Chi è stato il più bravo di quella nidiata di star nata negli anni Quaranta?
«Beh, erano tutti fortissimi, ma meglio di loro erano Meazza, Ferrari, Piola, i campioni degli anni Trenta. Piola era un atleta formidabile, goleador implacabile, bravissimo nelle rovesciate. Una volta, durante un incontro tra Lazio e Triestina, proprio con una rovesciata mi spaccò il labbro».

Torniamo ai Mondiali. Che Italia sbarcò in Messico?
«Era una squadra forte, consapevole delle proprie capacità. Venivamo dalla vittoria nel campionato europeo del 1968, con la finale ripetuta due volte contro la Jugoslavia: 1-1 la prima partita, 2-0 la seconda, con gol di Anastasi e Riva. Ci sentivamo competitivi e devo dire che si era convinti di disputare un buon Mondiale».

Lei poteva contare su giocatori di livello assoluto, quale Riva, Rivera, Mazzola, Boninesegna.
«Ancora oggi non mi piace parlare dei singoli. E più importante parlare del gruppo e degli equilibri in campo. La Nazionale che giocò in Messico era formata da tanti amici, da gente come Domenghini, Bertini e De Sisti, capace di sacrificarsi in nome della squadra, di ripiegare per proteggere Rivera che non amava rientrare. E quanto a Riva e Boninsegna, se segnavano molti gol, il merito era anche dei passaggi di Mazzola, De Sisti, Rivera».

Un’incognita era rappresentata dall’altura. Si giocava a più di duemila metri di altitudine: come affrontaste questo problema?
«Era la prima volta che un Mondiale veniva giocato in altura. Cercavamo di tenere un ritmo più basso, di evitare gli scatti ripetuti. In quelle condizioni erano favorite le squadre più tecniche».

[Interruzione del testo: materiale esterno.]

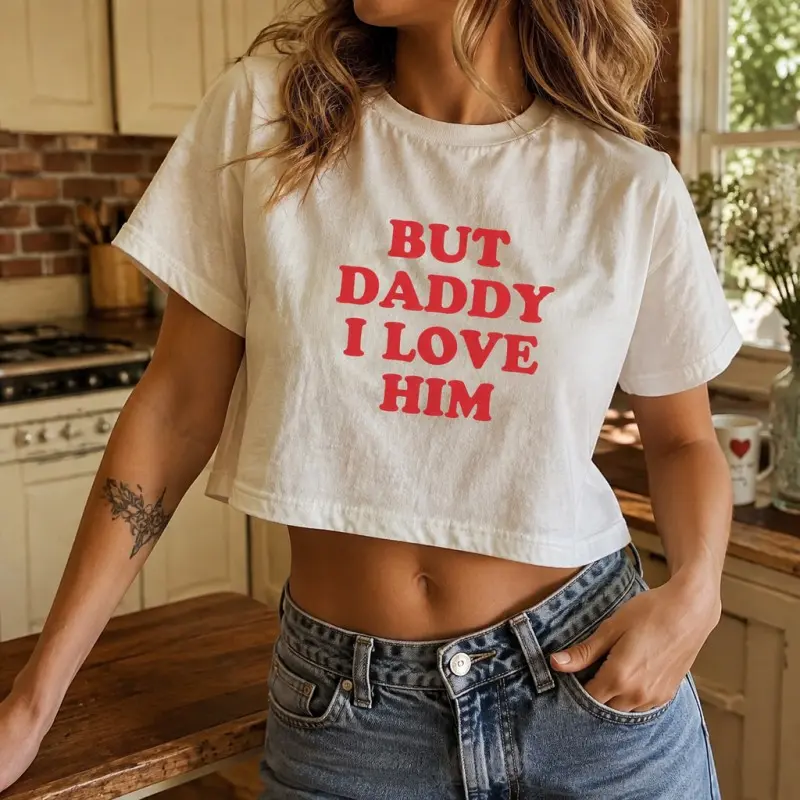 Women's Short-Sleeve Crewneck "But Daddy I Love Him" Front Slogan Bold Print Crop Top, Casual Clothes, Back to School Fall Holiday Gift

E infatti vinse il Brasile di Pelé, battendo gli azzurri per 4-1: non c’era niente da fare?
«Era un grande Brasile. Qualche anno dopo quella finale mi ritrovai in Svizzera con Carlos Alberto, il capitano di quello squadrone. Mi disse che loro erano troppo più forti degli altri, che quel Brasile valeva quello del 1958, che schierava, tra gli altri, Garrincha, Pelé, Didì, Vavà. Non vi dimenticate che la linea d’attacco del 1970 era formata da Jairzinho, Gerson, Tostao, Pelé e Rivelino. Tanti campioni e in più Pelé. Carlos Alberto mi disse: «Noi avevamo Pelé e voi no».

Il gol che realizzò in finale, saltando sopra Burgnich è entrato nella storia di questo sport.
«Sì, fu un gol bellissimo, sintesi di potenza e tempismo. Pelé saltò un attimo prima, riuscì a rimanere in sospensione e a colpire la palla di fronte. E tenete presente che era alto 1.70, non era un gigante, eppure arrivava a colpire altissimo».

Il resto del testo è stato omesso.